Parker Tyler | |
---|---|
Born | New Orleans, Louisiana, U.S. | March 6, 1904
Died | July 24, 1974 New York City, New York, U.S. | (aged 70)
Occupation(s) | Author, poet, film critic |
Known for | Screening the Sexes |
Notable work | The Young and Evil |
Partner | Charles Boultenhouse (1945–1974) |
Harrison Parker Tyler (March 6, 1904 – July 24, 1974), was an American author, poet, and film critic. Tyler had a relationship with underground filmmaker Charles Boultenhouse (1926–1994) from 1945 until his death. Their papers are held by the New York Public Library.[1]

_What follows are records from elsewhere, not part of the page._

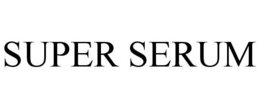 SUPER SERUM trademark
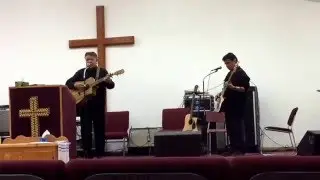 Jerome Harper Singing When Mercy Walked In
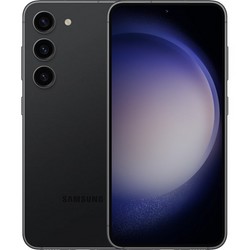 Смартфон Samsung Galaxy S23 8/256 ГБ, черный фантом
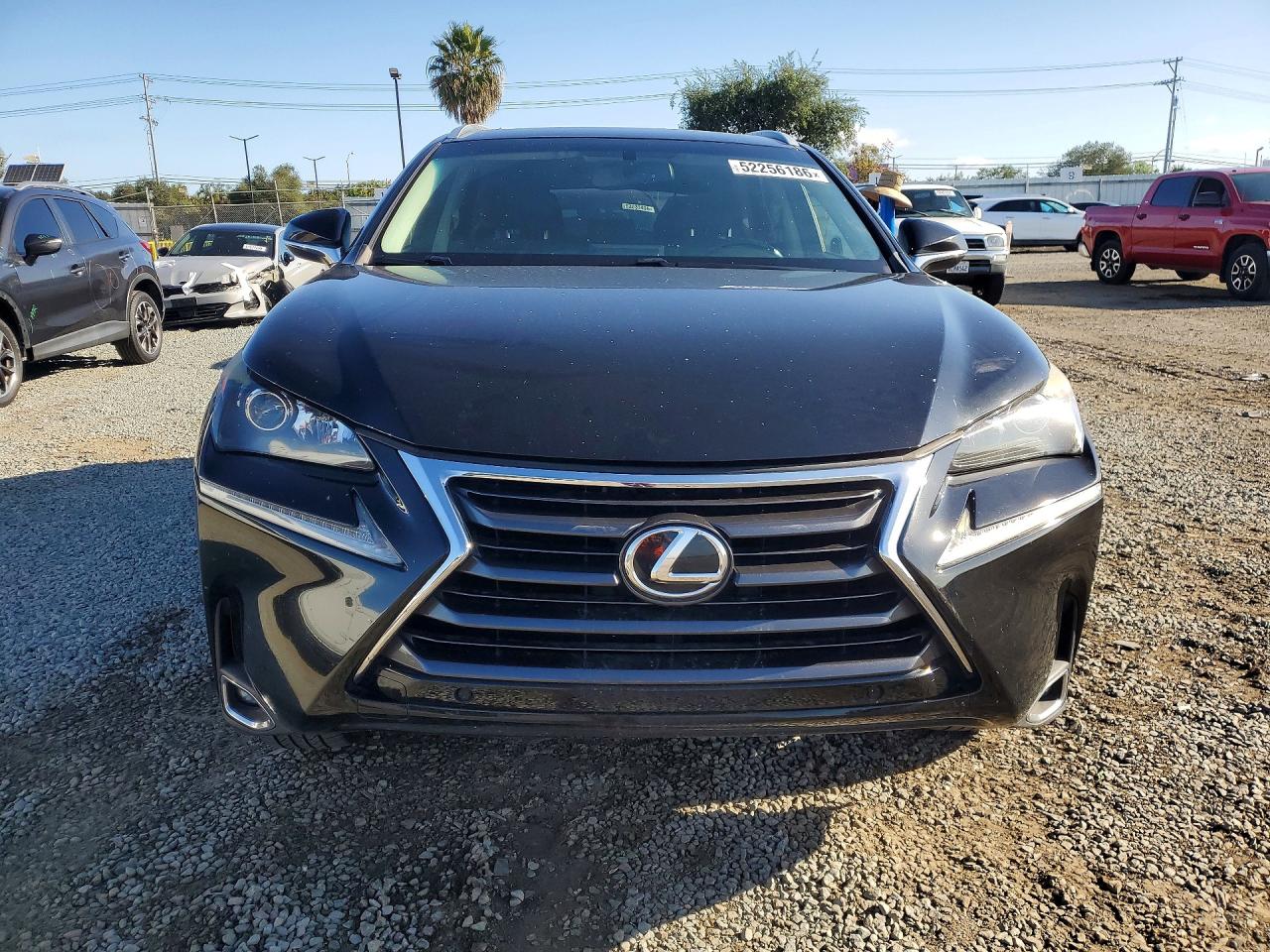 Lexus NX Base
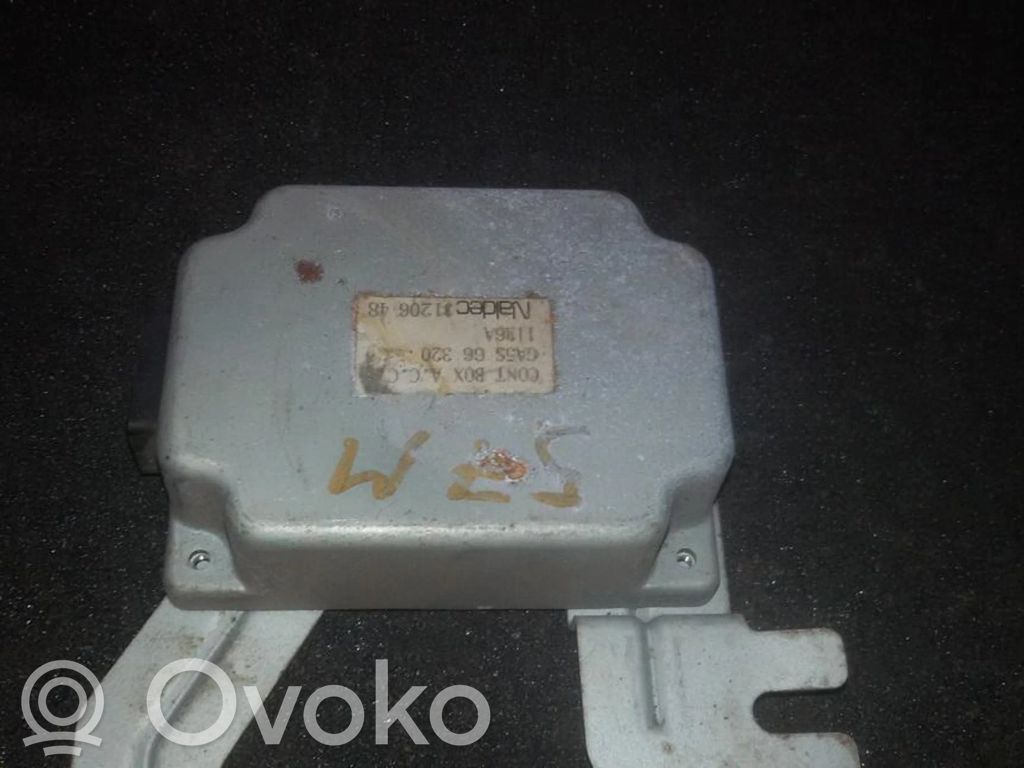 Other control units/modules   GA5S66320A,GA5S66320A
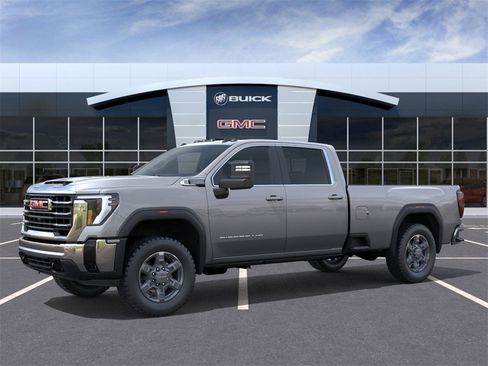 New 2026 GMC Sierra 2500 SLE w/ Preferred Package image 3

He often wrote for the View, the Kenyon Review, Partisan Review, Evergreen Review, and the cineaste magazines Film Culture, and Film Quarterly. Some of his books are collections of his magazine work. He received a Longview Award for Poetry in 1958.[citation needed] He wrote a biography about modernist painter Florine Stettheimer.[2]
Tyler was mentioned several times in the novel Myra Breckinridge (1968) by Gore Vidal, bringing renewed attention to Tyler's film criticism.[3] This led Vidal to claim that "I've done for [Tyler] what Edward Albee did for Virginia Woolf" after The Hollywood Hallucination and Magic and Myth of the Movies were republished in 1970.[3]
Black Sparrow Press published his poetry, including a complete and corrected text of The Granite Butterfly, first published with Bern Porter, Berkeley, Calif., 1945, as The Will of Eros: Selected Poems 1930-1970 (1972).
Tyler died in New York City, where he lived, on July 24, 1974, at the age of 70.[4]